#### [WORK INSTRUCTIONS]
Make an exact copy of the whole listing, but leave its pictures out.

#### [DATASET CONTENT]
══════

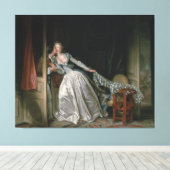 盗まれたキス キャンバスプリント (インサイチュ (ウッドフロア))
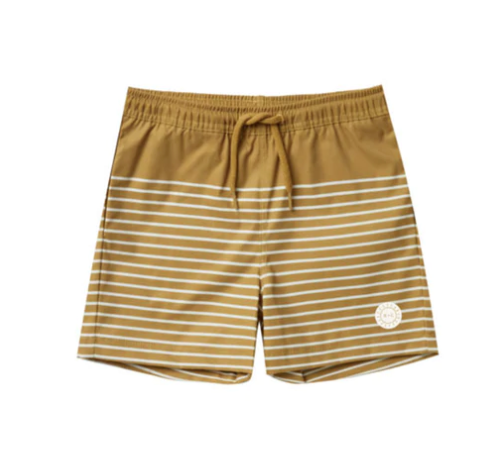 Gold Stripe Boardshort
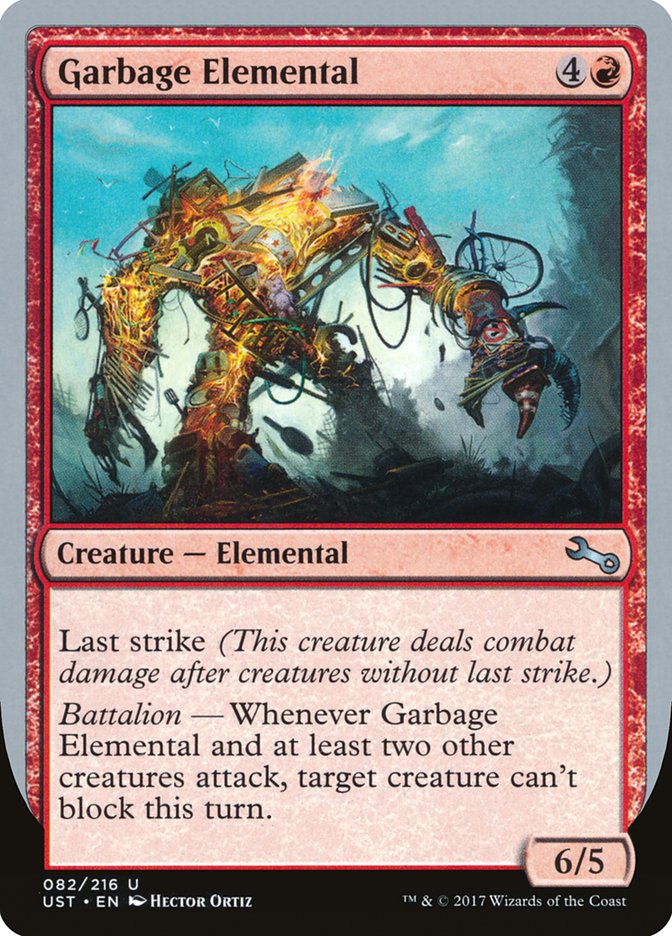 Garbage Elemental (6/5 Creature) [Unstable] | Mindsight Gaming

══════

#### [ANSWER AREA]
 盗まれたキス キャンバスプリント (インサイチュ (ウッドフロア))
 Gold Stripe Boardshort
 Garbage Elemental (6/5 Creature) [Unstable] | Mindsight Gaming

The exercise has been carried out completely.